__WHAT NEEDS TO BE DONE__: Return, word for word, the lines of the listing below from the one with "Myla Grad 1" through the one with "Wil bird Bornean Banded Pittta", and no other lines.
START DATA FOR REVIEW
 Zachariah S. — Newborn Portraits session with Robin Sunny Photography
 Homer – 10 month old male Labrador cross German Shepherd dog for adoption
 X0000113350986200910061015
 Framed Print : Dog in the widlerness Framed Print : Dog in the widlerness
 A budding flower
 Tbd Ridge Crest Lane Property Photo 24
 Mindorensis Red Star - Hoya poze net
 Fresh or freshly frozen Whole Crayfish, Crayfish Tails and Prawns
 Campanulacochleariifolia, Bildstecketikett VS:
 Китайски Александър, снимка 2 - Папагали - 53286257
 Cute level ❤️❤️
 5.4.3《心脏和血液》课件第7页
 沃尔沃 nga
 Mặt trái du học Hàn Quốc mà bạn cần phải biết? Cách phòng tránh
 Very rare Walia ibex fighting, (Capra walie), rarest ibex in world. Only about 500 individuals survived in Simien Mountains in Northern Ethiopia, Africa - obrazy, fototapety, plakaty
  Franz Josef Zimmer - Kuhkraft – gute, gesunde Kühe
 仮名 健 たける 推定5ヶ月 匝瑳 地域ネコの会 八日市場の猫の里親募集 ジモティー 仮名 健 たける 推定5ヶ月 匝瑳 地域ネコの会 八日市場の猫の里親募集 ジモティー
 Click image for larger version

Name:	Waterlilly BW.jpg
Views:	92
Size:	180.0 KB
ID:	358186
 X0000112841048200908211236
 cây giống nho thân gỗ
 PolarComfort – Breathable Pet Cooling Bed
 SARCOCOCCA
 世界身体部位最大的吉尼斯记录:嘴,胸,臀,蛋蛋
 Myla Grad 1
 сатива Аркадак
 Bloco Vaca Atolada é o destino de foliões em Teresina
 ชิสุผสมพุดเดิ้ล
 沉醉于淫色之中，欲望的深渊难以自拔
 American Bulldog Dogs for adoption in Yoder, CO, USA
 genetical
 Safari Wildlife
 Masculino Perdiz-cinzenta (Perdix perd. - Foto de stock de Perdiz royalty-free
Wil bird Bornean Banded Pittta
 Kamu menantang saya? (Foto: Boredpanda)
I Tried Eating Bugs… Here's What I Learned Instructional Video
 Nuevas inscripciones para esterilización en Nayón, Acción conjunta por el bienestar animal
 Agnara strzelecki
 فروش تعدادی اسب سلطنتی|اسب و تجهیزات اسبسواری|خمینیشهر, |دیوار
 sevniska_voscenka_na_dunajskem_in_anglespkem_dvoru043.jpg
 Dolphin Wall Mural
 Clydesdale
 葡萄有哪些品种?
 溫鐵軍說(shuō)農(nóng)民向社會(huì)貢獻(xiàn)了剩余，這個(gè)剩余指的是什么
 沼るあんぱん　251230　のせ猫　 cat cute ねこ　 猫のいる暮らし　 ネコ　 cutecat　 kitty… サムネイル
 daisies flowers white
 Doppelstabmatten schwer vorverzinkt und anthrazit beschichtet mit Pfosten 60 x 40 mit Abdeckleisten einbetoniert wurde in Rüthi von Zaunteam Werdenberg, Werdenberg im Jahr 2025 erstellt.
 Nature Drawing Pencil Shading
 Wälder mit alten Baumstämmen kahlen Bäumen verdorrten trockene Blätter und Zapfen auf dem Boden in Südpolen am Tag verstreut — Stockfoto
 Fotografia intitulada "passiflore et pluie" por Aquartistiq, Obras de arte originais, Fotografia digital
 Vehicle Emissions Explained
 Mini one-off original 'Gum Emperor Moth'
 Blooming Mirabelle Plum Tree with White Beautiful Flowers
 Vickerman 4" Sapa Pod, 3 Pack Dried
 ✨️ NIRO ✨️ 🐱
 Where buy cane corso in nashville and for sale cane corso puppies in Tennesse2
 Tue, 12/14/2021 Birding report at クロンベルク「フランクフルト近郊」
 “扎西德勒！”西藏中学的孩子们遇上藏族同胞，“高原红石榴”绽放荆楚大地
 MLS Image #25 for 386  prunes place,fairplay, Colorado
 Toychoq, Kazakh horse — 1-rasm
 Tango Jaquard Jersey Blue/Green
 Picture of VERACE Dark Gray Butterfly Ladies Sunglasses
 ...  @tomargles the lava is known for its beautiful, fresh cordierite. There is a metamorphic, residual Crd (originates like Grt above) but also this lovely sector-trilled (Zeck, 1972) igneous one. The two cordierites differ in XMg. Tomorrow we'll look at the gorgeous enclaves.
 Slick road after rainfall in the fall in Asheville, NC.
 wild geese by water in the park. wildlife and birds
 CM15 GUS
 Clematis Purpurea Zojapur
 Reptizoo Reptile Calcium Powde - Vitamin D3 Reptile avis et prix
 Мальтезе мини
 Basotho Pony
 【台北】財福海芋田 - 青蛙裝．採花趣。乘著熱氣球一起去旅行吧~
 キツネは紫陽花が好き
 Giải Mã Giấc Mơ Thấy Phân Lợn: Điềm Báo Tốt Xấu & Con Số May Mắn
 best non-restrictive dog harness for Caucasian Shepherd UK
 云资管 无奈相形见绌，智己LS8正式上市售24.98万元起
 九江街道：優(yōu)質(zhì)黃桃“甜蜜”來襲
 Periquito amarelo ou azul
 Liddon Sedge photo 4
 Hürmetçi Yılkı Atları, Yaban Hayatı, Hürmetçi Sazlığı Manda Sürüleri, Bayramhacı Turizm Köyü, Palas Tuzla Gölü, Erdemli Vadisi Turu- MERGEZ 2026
END DATA FOR REVIEW
__TASK RESULT__:
 Myla Grad 1
 сатива Аркадак
 Bloco Vaca Atolada é o destino de foliões em Teresina
 ชิสุผสมพุดเดิ้ล
 沉醉于淫色之中，欲望的深渊难以自拔
 American Bulldog Dogs for adoption in Yoder, CO, USA
 genetical
 Safari Wildlife
 Masculino Perdiz-cinzenta (Perdix perd. - Foto de stock de Perdiz royalty-free
Wil bird Bornean Banded Pittta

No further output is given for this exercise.